Мы вошли в пустое здание (кажется, это были Высшие режиссерские курсы), нашли открытую комнату и повели беседу. Поговорили о "Сказке сказок", но как только перешли к делу всей норштейновской жизни - многострадальной "Шинели", диктофон остановился. Он просто отказался работать, хотя до этого пахал исправно, и батарейки были свежие. Крутили, вертели, нажимали на кнопки - без толку. "Это Гоголь, - как само собой разумеющееся, подытожил Норштейн. - Стоит к нему прикоснуться - и вы в его власти". - "Мистика?" - Норштейн пожал плечами. Интервью пришлось перенести. Через несколько дней той же дорогой, в такую же погоду, с новым диктофоном я опять направлялась к Норштейну. Стоит ли говорить, что с новым диктофоном произошло то же самое. "Ну что вы хотите, я же вам сказал - это Гоголь", - так же спокойно констатировал рыжий бородач, сидящий напротив меня. Признаться, в тот момент я не знала, кого больше ненавидеть - Норштейна или Гоголя. К стыду моему, раздражение тогда распределилось между ними поровну.

Потом Норштейн еще долго мучил меня, обижался, что из интервью вылетели какие-то фразы, которые моему газетному руководству казались ни к селу ни к городу. Объясняла Юрию Борисовичу, что газетная полоса ограничена, что часто приходится чем-то жертвовать. "Уберите конкретику, она никому не нужна. А то, что вы вычеркнули, - это же о вечном", - горячился Норштейн.

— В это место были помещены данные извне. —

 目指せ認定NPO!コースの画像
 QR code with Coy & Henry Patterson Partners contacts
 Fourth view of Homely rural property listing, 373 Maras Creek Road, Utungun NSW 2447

Но тогда, в постперестроечном угаре, вечность виделась слишком неактуальной. Казалось куда интереснее ругать власти, которые не дают гениальному мультипликатору денег на очередной шедевр, на "Шинель", что на тот момент уже пять лет была смыслом жизни Норштейна.

Теперь я бы говорила с ним только о вечном, потому что для этого рыжего человека нет ничего актуальнее вечности. Он снимал и снимает только ее. Дай ему полторы минуты заставки к "Спокойной ночи, малыши!" (куда интересно приспособит теперь ее ОРТ, заявивший свои авторские права именно на эту самую заставку Норштейна и отнявший ее у детей, которые смотрят теперь свою детскую передачу на пятом канале?!), он и тут уложится и успеет сказать о своем - о бренности всего сущего, о скоротечности бытия, о бесконечности всякого пространства... Ежик, заплутавший в тумане; смешной и гордый Заяц, для которого, оказывается, нет ничего важнее собственного достоинства; Цапля и Журавль, которым никогда не суждено встретиться. И Волчок из "Сказки сказок", в глазах которого - вечная скорбь, вечная радость, вечное недоумение. Словно невидимый и мудрый пришелец, он постигает разом все, что творится на этой странной планете, которая сама по себе - сказка, страшная-веселая-сентиментальная-трагическая. Все сразу. Хорошо, что запретили первоначальное название фильма - "Придет серенький волчок". Почему? Непонятно. Какое такое идеологическое несоответствие увидели, теперь, наверное, и не узнать. Но "Сказка сказок" похожа на "Песнь песней", библейское и вечное чудится в ней.

Двадцать лет назад американские критики официально объявили "Сказку сказок" лучшим мультфильмом всех времен и народов. А в нашей новой киноэнциклопедии и имени-то такого - Юрий Норштейн - нет. Вроде как: "Оставьте меня, зачем вы меня обижаете?"